The record does not show that any circumstances of the witnesses’ identification of defendant gave rise to “a very substantial likelihood of misidentification.” (In re Richard W., supra, 91 Cal.App.3d at p. 970.) To the contrary, the identification was supported by evidence that defendant fled the scene of the robbery after getting into a white car and was shortly thereafter seen by a restaurant employee arriving in a white car at the restaurant where he was apprehended. Also, Brady identified defendant before she was informed that he was found in possession of an MP4 player which she identified as hers. Defendant was not wearing handcuffs when Brady identified him. Although defendant was placed in handcuffs before Miller identified him, on this record that fact did not give rise to a very substantial likelihood of misidentification. We find no error.

Third, the record shows the trial court did not instruct the jury with CALCRIM No. 101 which admonishes the jury, pursuant to Penal Code section 1122, subdivision (b), to wait at least 90 days after discharge of the jury before negotiating or agreeing to accept any payment for information about the case. The clerk’s transcript, however, identifies CALCRIM No. 3590 as an instruction that was given to the jury. CALCRIM No. 3590 provides in pertinent part: “I remind you that under California law, you must wait at least 90 days before negotiating or agreeing to accept any payment for information about the case.” The reporter’s transcript, however, does not contain corresponding language. Assuming the jury was not instructed to refrain from accepting any consideration for supplying information concerning the case, the record is devoid of even the suggestion that any juror violated this admonition and thus defendant has not been prejudiced in any way. (People v. Carter (2003) 30 Cal.4th 1166, 1200 [the defendant required to show failure to admonish in accordance with Penal Code section 1122 was prejudicial].)

Finally, the trial court had discretion to impose the upper term sentence for the robbery offense. (Pen. Code, § 1170, subd. (b).) Also, Penal Code section 667.5, subdivision (b) provides that “in addition and consecutive to any other prison terms therefor, the court shall impose a one year term for each prior separate prison term served for any felony.” Substantial evidence supported the trial court’s finding the prior prison term enhancement allegations were true. We find no error.

Our review of the record pursuant to Wende, supra, 25 Cal.3d 436 and Anders, supra, 386 U.S. 738, including the possible issues referred to by appointed counsel, has disclosed no reasonably arguable appellate issue.
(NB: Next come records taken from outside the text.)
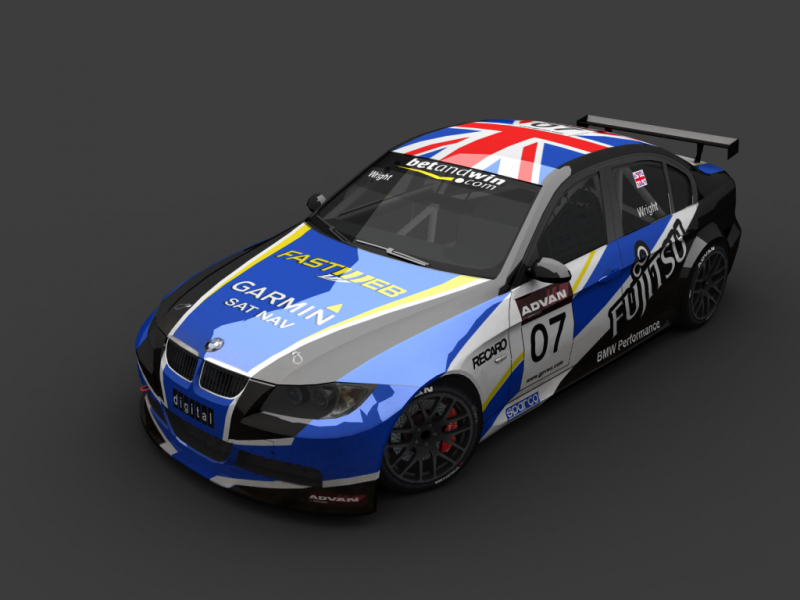 File:Wright Masters09.png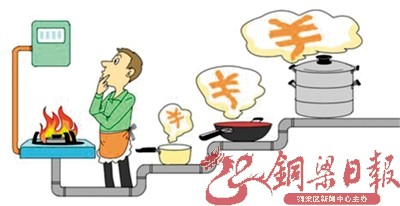 国民可支配收入公式_人均可支配收入怎么算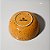 Cumbuca | Cuia | Bowl Laranja - Imagem 3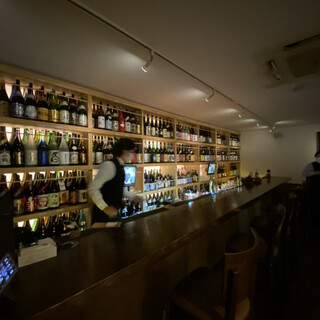 天文館通駅でおすすめの美味しいバー お酒をご紹介 食べログ 天文館通駅でおすすめの美味しいバー お酒をご紹介 食べログ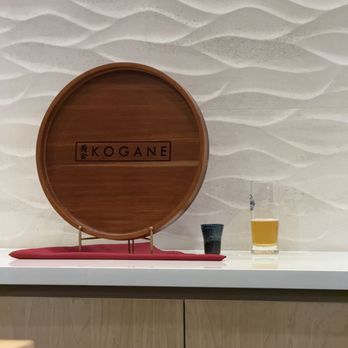 Kogane - Sushi Bars Near Me - Alhambra, California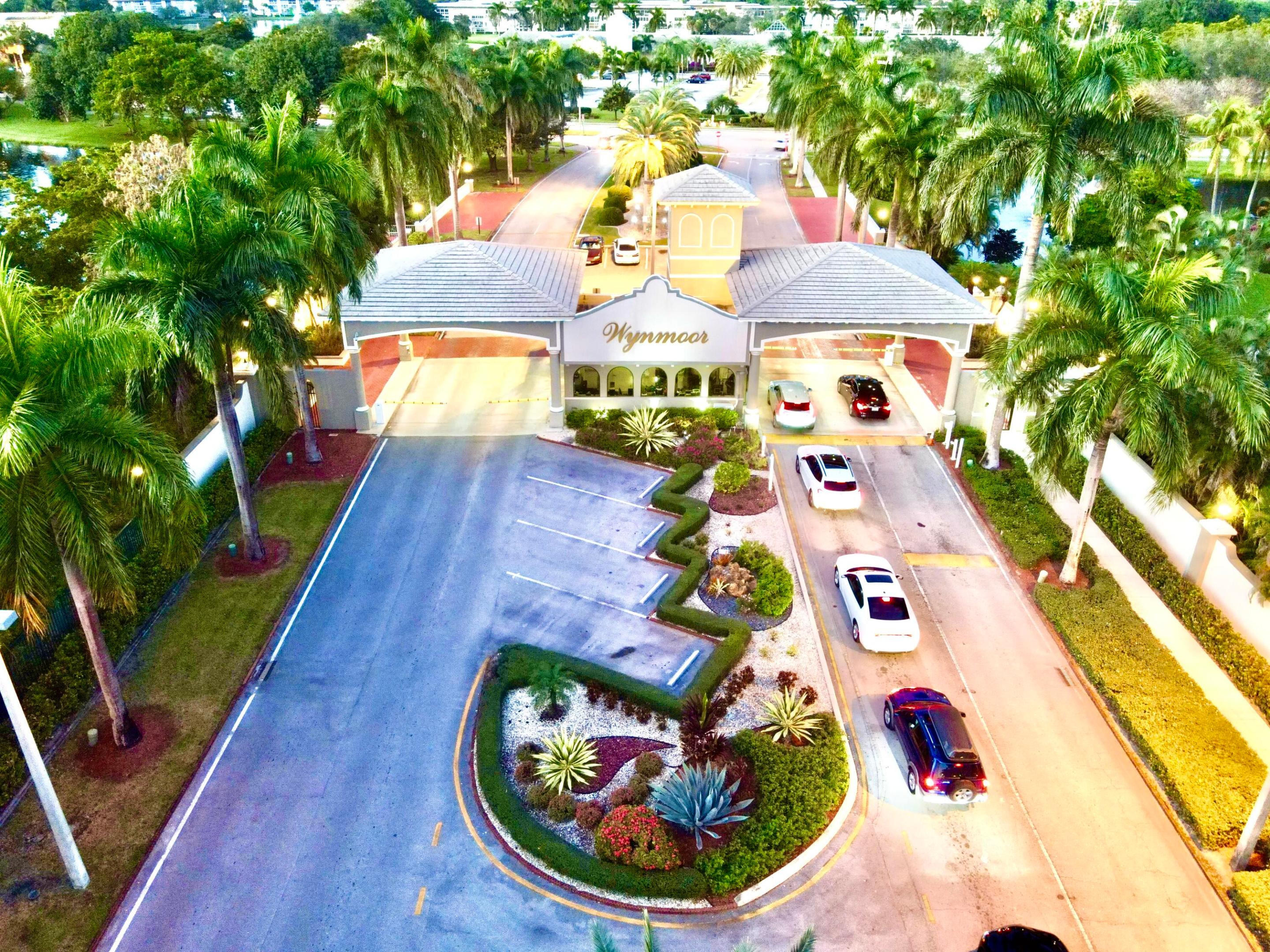 4401 MARTINIQUE #H2, Coconut Creek FL 33066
Competent counsel has represented defendant in this appeal.

Disposition

The judgment is affirmed.

WE CONCUR: RYLAARSDAM, ACTING P. J., MOORE, J.


Summaries of

People v. Knight

California Court of Appeals, Fourth District, Third Division
May 19, 2011
No. G044140 (Cal. Ct. App. May. 19, 2011)
Case details for

People v. Knight

Case Details

Full title:THE PEOPLE, Plaintiff and Respondent, v. TERRANCE DARCEL KNIGHT, Defendant…

Court:California Court of Appeals, Fourth District, Third Division

Date published: May 19, 2011

Citations

No. G044140 (Cal. Ct. App. May. 19, 2011)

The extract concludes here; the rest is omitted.